**Task directions**: Reproduce the data in full, exactly.

(Dataset records)

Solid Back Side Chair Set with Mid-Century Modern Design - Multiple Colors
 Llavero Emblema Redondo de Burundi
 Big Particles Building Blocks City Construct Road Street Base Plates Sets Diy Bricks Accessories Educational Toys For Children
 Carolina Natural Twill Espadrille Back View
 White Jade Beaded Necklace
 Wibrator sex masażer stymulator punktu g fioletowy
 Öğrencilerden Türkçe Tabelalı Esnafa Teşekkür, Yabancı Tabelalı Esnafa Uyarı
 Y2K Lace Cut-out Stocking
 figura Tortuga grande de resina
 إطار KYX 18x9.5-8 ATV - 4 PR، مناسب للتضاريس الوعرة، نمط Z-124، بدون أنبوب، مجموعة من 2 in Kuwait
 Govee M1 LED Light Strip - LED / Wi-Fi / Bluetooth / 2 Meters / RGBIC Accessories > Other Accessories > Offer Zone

(End Dataset records)

**The completed task**:
Solid Back Side Chair Set with Mid-Century Modern Design - Multiple Colors
 Llavero Emblema Redondo de Burundi
 Big Particles Building Blocks City Construct Road Street Base Plates Sets Diy Bricks Accessories Educational Toys For Children
 Carolina Natural Twill Espadrille Back View
 White Jade Beaded Necklace
 Wibrator sex masażer stymulator punktu g fioletowy
 Öğrencilerden Türkçe Tabelalı Esnafa Teşekkür, Yabancı Tabelalı Esnafa Uyarı
 Y2K Lace Cut-out Stocking
 figura Tortuga grande de resina
 إطار KYX 18x9.5-8 ATV - 4 PR، مناسب للتضاريس الوعرة، نمط Z-124، بدون أنبوب، مجموعة من 2 in Kuwait
 Govee M1 LED Light Strip - LED / Wi-Fi / Bluetooth / 2 Meters / RGBIC Accessories > Other Accessories > Offer Zone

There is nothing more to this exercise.